Tot slot is het van belang om te realiseren dat het CBS-cijfer bepaald wordt aan de hand van een steekproefonderzoek. Dit betekent dat aan een (beperkt) deel van de bevolking een vragenlijst wordt voorgelegd. Deze resultaten worden vertaald naar een werkloosheidspercentage voor de totale bevolking (van delen/steden) van Nederland. Om de resultaten zitten zekere betrouwbaarheidsmarges die gezien het ingewikkelde steekproefdesign niet in beeld te brengen zijn (bron: CBS). Daarbij worden de enquêtes het hele jaar door uitgezet, waardoor het cijfer een gemiddelde over 2006 weergeeft. Dit in tegenstelling tot de cijfers van het CWI, waar gekeken wordt naar het aantal ingeschrevenen op een bepaalde peildatum (31-12).

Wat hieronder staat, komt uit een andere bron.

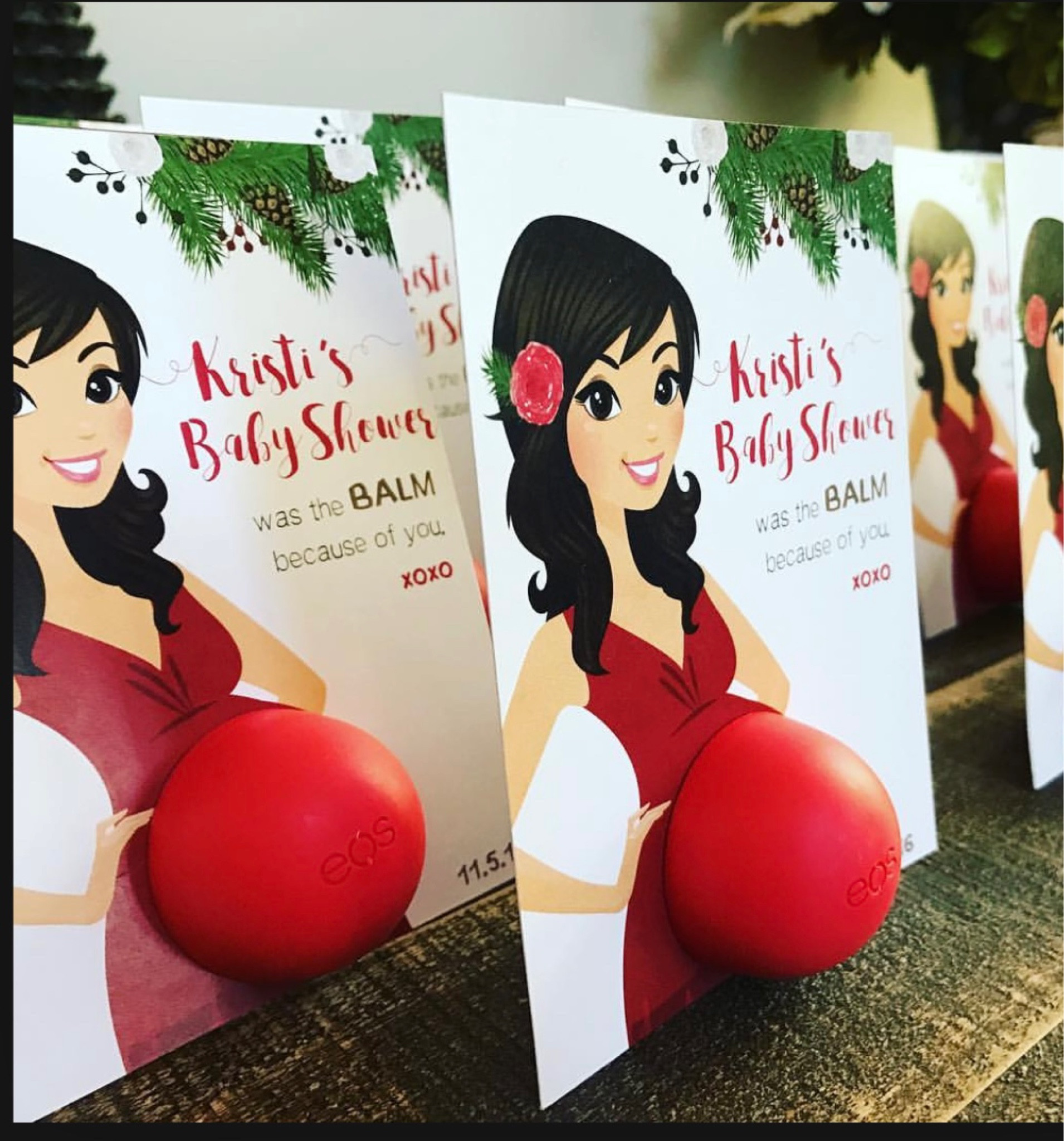 The sweetest balm party favor for baby showers or parties using eos organic lip balm. Custom baby shower favors 

#LTKParties #LTKBump #LTKGiftGuide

Ondanks dat deze twee benaderingen tot een ander werkloosheidsniveau (=hoogte van werkloosheidspercentage) leiden, moet opgemerkt worden dat beide goed bruikbaar zijn als indicator voor de vraag hoe de werkloosheid zich in de gemeente ontwikkelt. Het niveau verschilt van beide maar de ontwikkeling door de jaren heen is grofweg vergelijkbaar. Oftewel, daalt het aantal NWW-ers dan zien we ook het werkloosheidspercentage van het CBS dalen. Ook als we Helmond vergelijken met andere steden dan leveren beide cijfers in grote lijnen een vergelijkbaar beeld op.

Inleiding

Gemeente Helmond – Onderzoek en Statistiek 7

De gemeente Helmond kiest er voor de CWI-cijfers te gebruiken als indicator voor het werkloosheidspercentage, zowel als kental als stuurcijfer. De redenen hiervoor zijn tweeledig.

Allereerst, de groep niet-werkende werkzoekenden van het CWI sluit beter aan bij de beleidsterreinen van de gemeente dan de doelgroep werkzoekenden van het CBS. De tweede reden is meer van onderzoeksmatige kant. De CWI-cijfers zijn gebaseerd op een registratiebron waardoor er betrouwbaardere cijfers (ook over subgroepen binnen de niet-werkenden werkzoekenden) verkregen kunnen worden dan op basis van de enquêtes van het CBS.

1.5 Begrippen in deze rapportage

In deze paragraaf worden de belangrijkste begrippen die in deze rapportage gebruikt worden uitgelegd. De definities zijn analoog aan de wijze waarop het CWI ze hanteert.

Beroepsbevolking

Tot de beroepsbevolking worden personen in de leeftijd van 15 t/m 64 jaar gerekend die:

• tenminste twaalf uur per week werken, of

• die werk hebben aanvaard waardoor ze tenminste twaalf uur per week gaan werken, of

• die verklaren tenminste twaalf uur per week te willen werken, daarvoor beschikbaar zijn en activiteiten ontplooien om werk voor ten minste twaalf uur per week te vinden (het is daarbij niet relevant of men al dan niet bij het CWI staat ingeschreven).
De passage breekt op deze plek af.